Kant regards time as a constitutional part of our receptive capacity, our ability to take in what is given to us. Such a capacity is called “sensibility,” and we are so made that whatever comes to us, the world of nature especially, comes in the form of temporal sensibility. The Critique is a great work of philosophical art, and I omit the many factors that feed beautifully into rounding this notion out, in order to concentrate on just one thing: When we ask what it means that nature comes to us in the form of time, the answer is that whenever we think about nature we begin by noticing quantities, and we do that first of all by numbering—not top-of-the-head counting, but a deeply interior kind of beating out of units that add up into a number. Here is Kant’s word on what is happening in this counting: “I generate time itself, … ”

So Aristotle and Kant agree that time is a kind of psychic beating or counting. It does not save Kant from the question I asked of Aristotle that he calls time a form of the sensibility. Is this form, I now ask, itself static or is it fluid? If it is static, how does it produce the psychic flow of pulses? If it is fluid, is there yet another time behind Kant’s deep constitutional time? Let me say right now that all the authors who put time within the soul run into this trouble. And those who put the origin or ground of time outside of the soul run into other and worse troubles.

Both Aristotle and Kant have been primarily interested in what I have called succession-time, the steady chain of before-and-afters found in nature, though apprehended by our counting. Now is the time to speak of human time, phase-time.

To my mind, Augustine is the greatest writer on time—and the most beautiful one. Here’s another aside: very broadly speaking, philosophers come in two kinds, those who inquire serenely and hopefully into a subject they long to know and believe they can approach and those who question severely and disenchantedly a matter they think is ultimately hope­less. Augustine certainly has travails of the soul, and I would not be unfair to call Husserl, who takes up two millennia later exactly where Augustine had left off, a fusspot. But both are not so much driven as led by faith in their subject, and I want to say that these are the philosophers I trust and prefer to be with.

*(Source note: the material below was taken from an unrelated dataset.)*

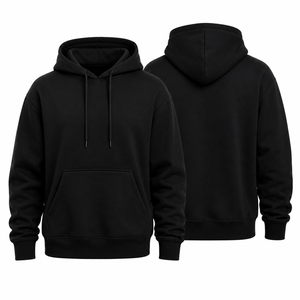 Sudaderas con Capucha para Hombre, Transpirables e Impermeables, de Poliéster, con Bolsillo, Estampado por Sublimación, Tejido de Punto, Cuello Redondo, Corte Regular, para Equipos Deportivos - Product Image 1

Augustine wants to know what time is because it is the human counterpart of God’s eternity, the eternity of the God he has just found and acknowledged. But there is nothing exalted about his questioning—it is very down-to-earth. He loves to sing hymns, and the question is: How do I measure times, the long and short syllables, the lengths of the stanzas? Distances are easy to measure. They stay put while you lay a measuring stick alongside them. But the moment slips away, the past is no longer, the future not yet, and there is no way to lay a time-stick along an elapsed time. Lengths measure lengths, motions measure motions—what measures time? Here is his answer, as I said, to my mind the most illuminating thing ever uttered about time, a new discovery, as he himself says:

Time is nothing else but a stretching out, though of what
I do not know. Yet I marvel if it be not of the mind itself.

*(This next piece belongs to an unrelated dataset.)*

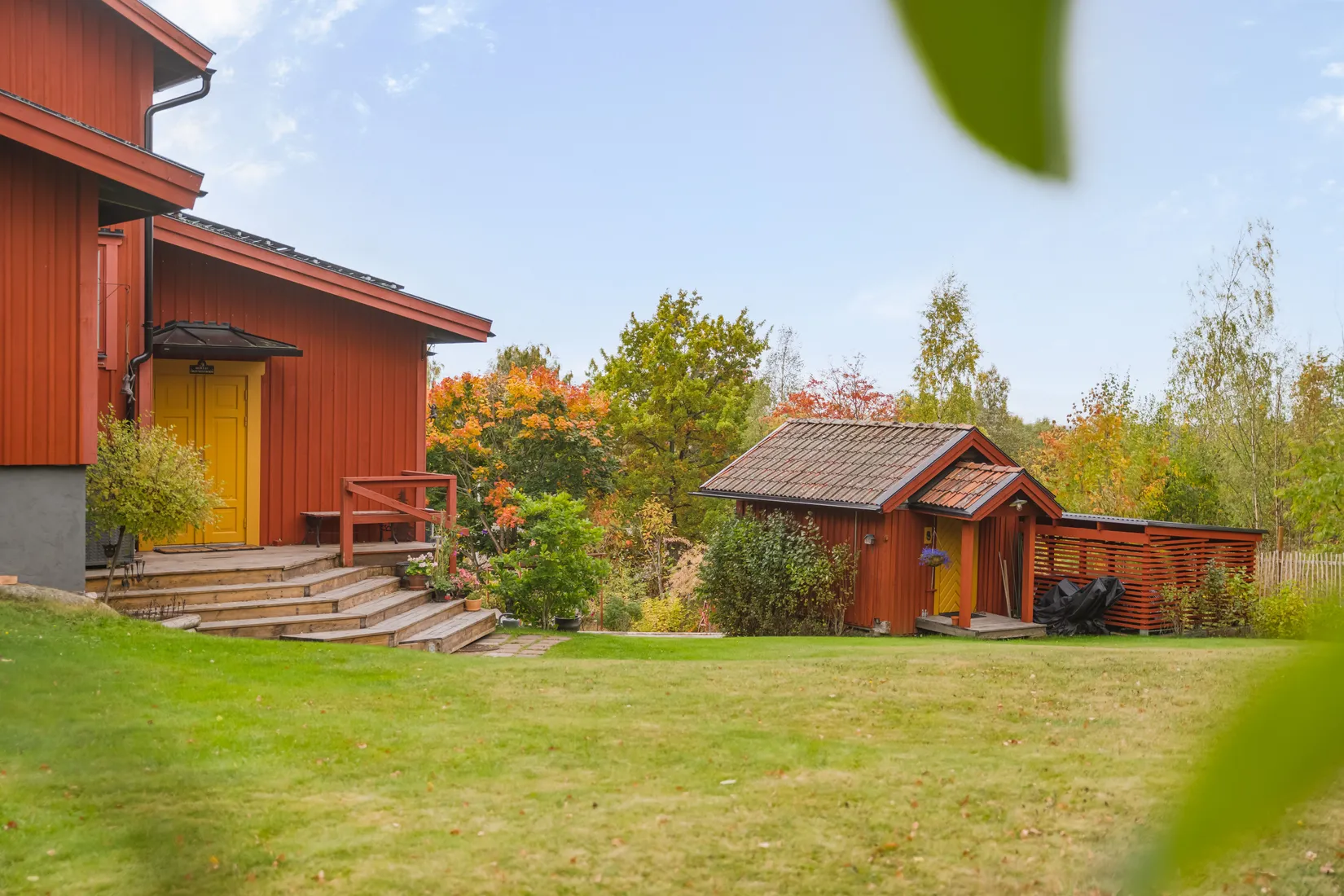 Fritidshus, Torrberg Budbergsvägen 33, Leksand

Our mind or soul is distended and that makes it capable of holding time, so to speak. How distended, how stretched? Here is Augustine again:

This then is clear and plain, that neither things to come nor things past are, nor should we properly say: “There are three times, past, present, and future.” But probably we should say: “There are three times, a present of things past, a present of things present, and a present of things future?’ . . . The present of things past is memory, the present of things present is sight [or perception], the present of things future is expectation.

So we can measure times gone by and times to come because they are now present to us. But the solution of the measuring problem is the least of it. What Augustine has done is to tell what makes a human being temporal, how time is in us.

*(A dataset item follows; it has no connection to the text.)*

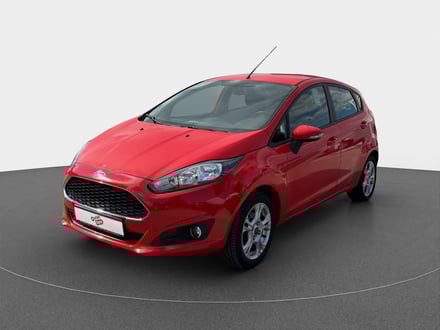 Ford Fiesta Ambiente 1,25i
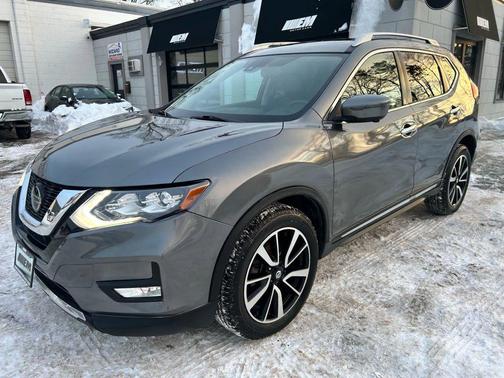 2019 Nissan Rogue SL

To be human is to be present and to have things present before or within. Yet another aside: certain so-called postmodern writers, taking their departure from Heidegger, think that this is a very derivative way of approaching human Being and that to think of human beings as containing presences within and confronting things present without demeans the originality of existence. But Augustine does think that to exist is both to be in the present and to be in the presence of things.

Augustine’s book on time in the Confessions is preceded by a book on memory, and this book is the indispensable preparation for his understanding of time. For there he shows how we can also be in the presence of absent things: we have the whole spacious world, its fields and palaces, within us, not, however, the things themselves but their images. Here you can see how the imagination, as a power for making the absent present, is essential to our inner sense of time. For with it we can have memory of past times and also expectation of future things, since expectation is a forward-directed imagination. And since much of what has happened to us is now present to us or is now recoverable, we can not only measure time somewhat as we do space, which is all there simultaneously. We can also see how our mind is a temporal image of God’s mind, who holds all creation together there at once, in the eternal Now.

To be human, then, is to have a mind so stretched that it encompasses in its present both memory and foresight. One way to depict that condition is in a diagram like a coordinate system. The horizontal axis is the time of the world, of Creation; it is succession-time. God knows how it works; we don’t. Astride of this horizontal coordinate sits a vertical stretch of line, our mind. Where the two intersect is the moment of sight, of perception, our point of intake for the world. The segment below represents remembered events, dropped out of sight but not out of mind. The part above represents the dreams and plans we now have for the future—and that is all the future that actually exists. As the world passes by, our memory line grows longer and our expectation line shortens. Then one day it ends.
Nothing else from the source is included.